→ Data for review:
++++++++
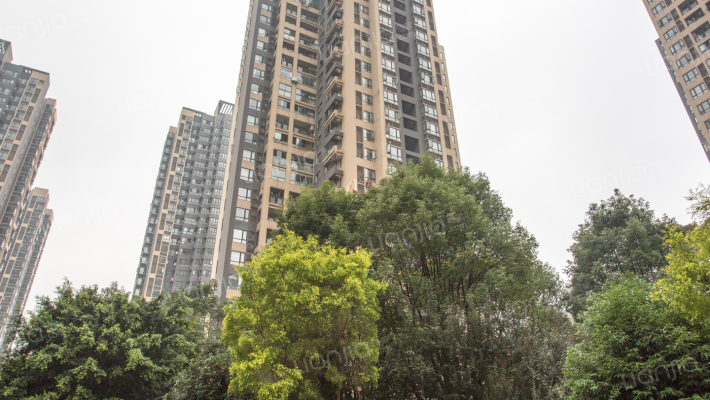 泽科港城国际外景图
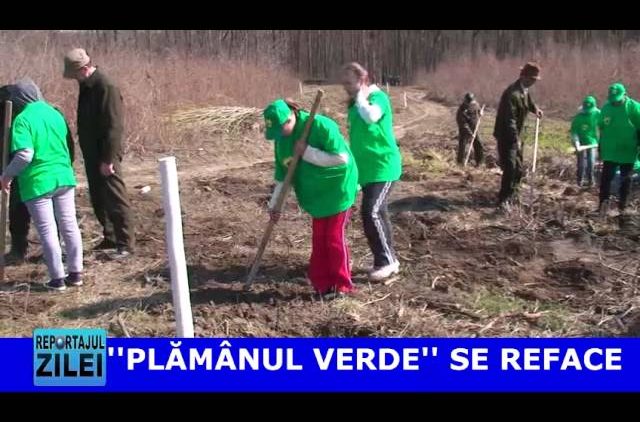 PLAMANUL VERDE SE REFACE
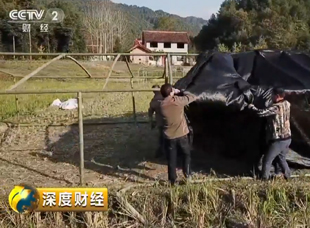 《深度財經(jīng)》20181124中藥材：健康產(chǎn)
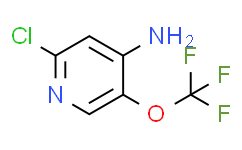 2-氯-5-(三氟甲氧基)吡啶-4-胺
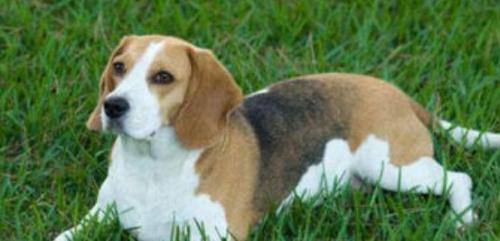 比格猎犬怎么训练才听话-图1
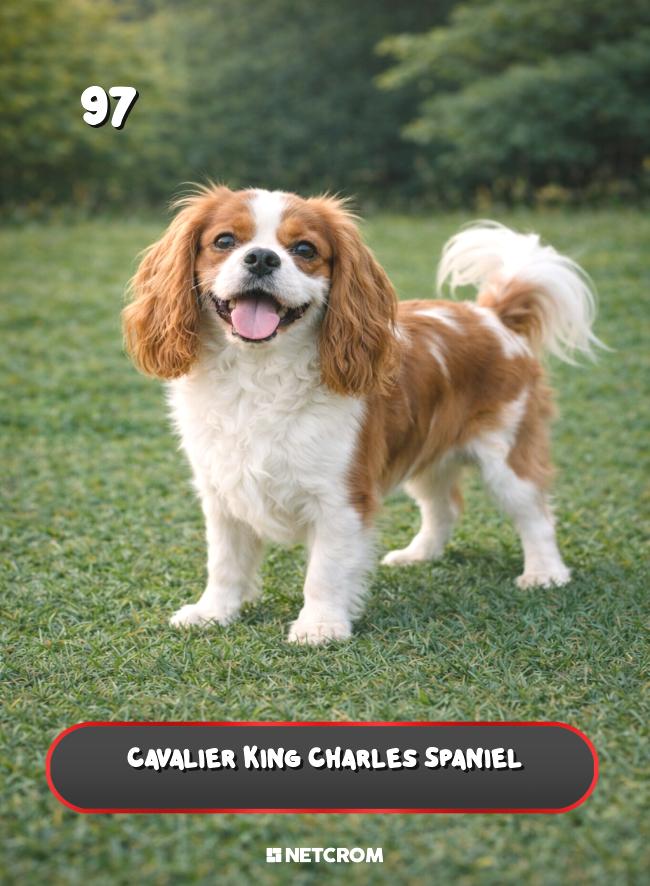 Cavalier King Charles Spaniel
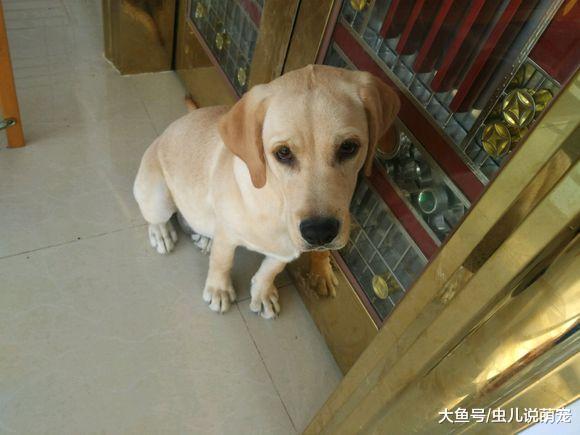 拉布拉多不知道怎么了，它一直闷闷不乐，宠主：难道思春了？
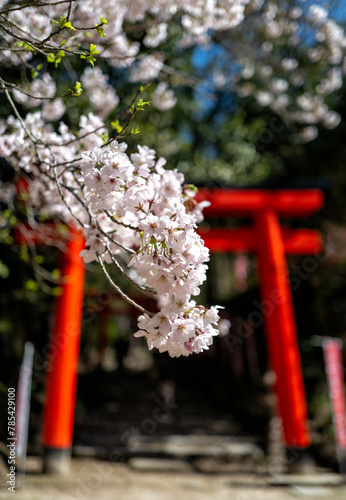 Obraz na płótnie Japanese sakura (blossom) in Fukuoka w salonie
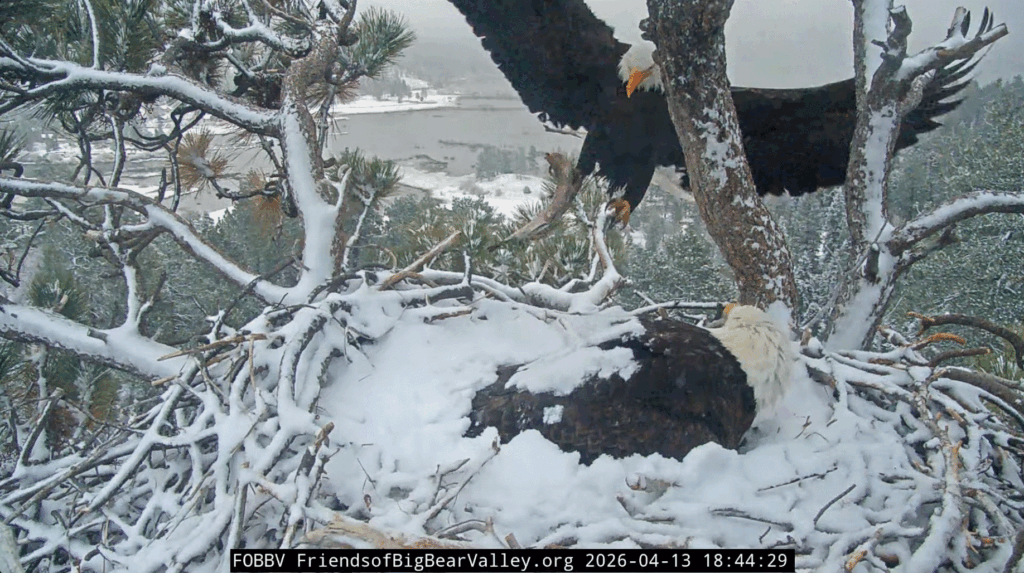 Big Bear Valley Shadow delivers big fish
++++++++
Should there be pictures in the data, leave them out and return the rest exactly.

→ Exercise result:
 泽科港城国际外景图
 PLAMANUL VERDE SE REFACE
 《深度財經(jīng)》20181124中藥材：健康產(chǎn)
 2-氯-5-(三氟甲氧基)吡啶-4-胺
 比格猎犬怎么训练才听话-图1
 Cavalier King Charles Spaniel
 拉布拉多不知道怎么了，它一直闷闷不乐，宠主：难道思春了？
 Obraz na płótnie Japanese sakura (blossom) in Fukuoka w salonie
 Big Bear Valley Shadow delivers big fish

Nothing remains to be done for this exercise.